* About this exercise
Check each line of the records below and collect those that include the word "Custom".

* Provided information

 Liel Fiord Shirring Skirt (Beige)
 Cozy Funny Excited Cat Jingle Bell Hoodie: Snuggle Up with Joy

...

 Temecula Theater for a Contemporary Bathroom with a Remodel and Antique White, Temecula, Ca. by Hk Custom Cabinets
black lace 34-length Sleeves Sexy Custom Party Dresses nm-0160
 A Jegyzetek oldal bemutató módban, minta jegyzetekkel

* * *

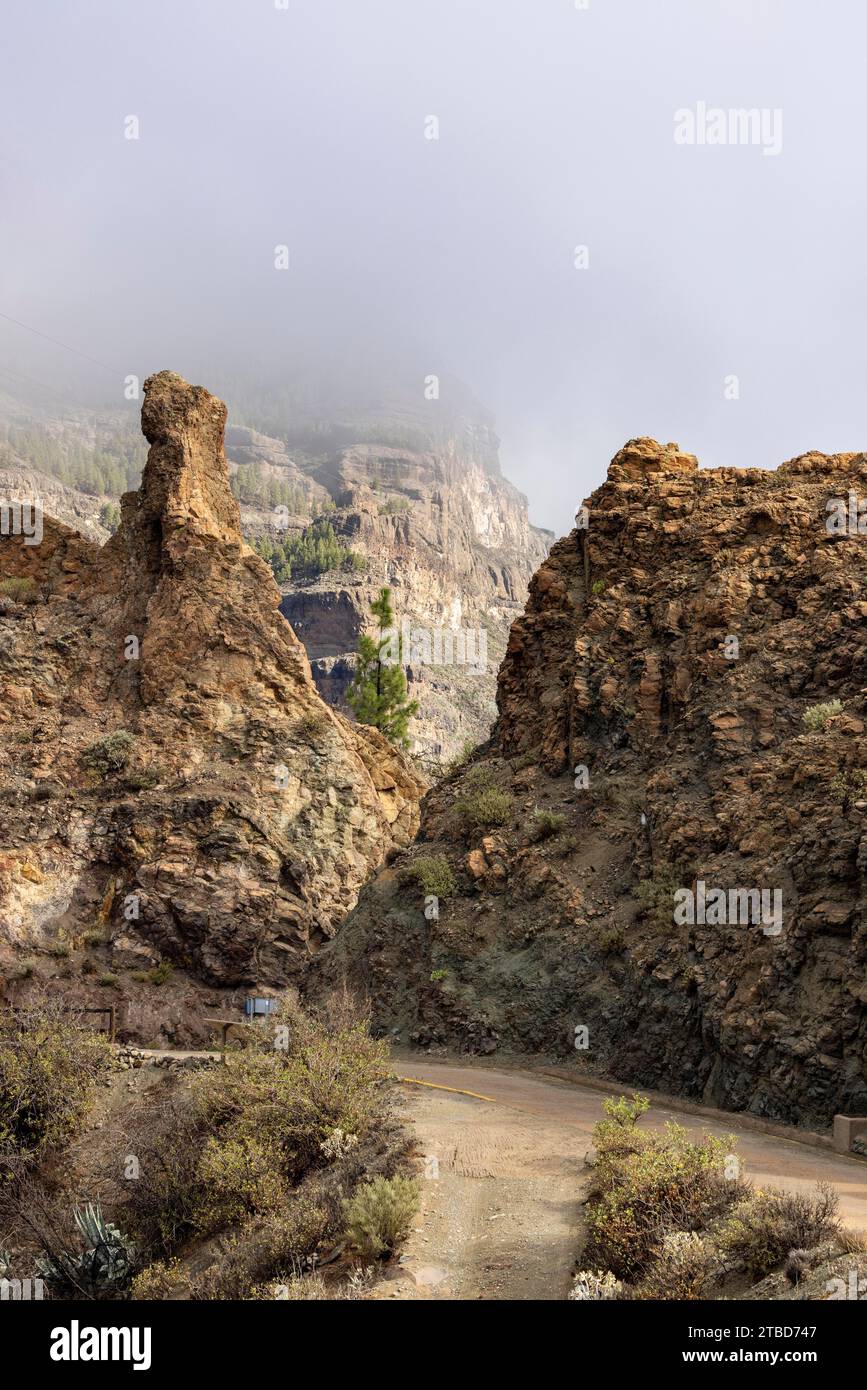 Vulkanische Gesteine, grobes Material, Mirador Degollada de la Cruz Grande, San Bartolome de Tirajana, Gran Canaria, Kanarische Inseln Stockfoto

* Answer to this exercise
 Temecula Theater for a Contemporary Bathroom with a Remodel and Antique White, Temecula, Ca. by Hk Custom Cabinets
black lace 34-length Sleeves Sexy Custom Party Dresses nm-0160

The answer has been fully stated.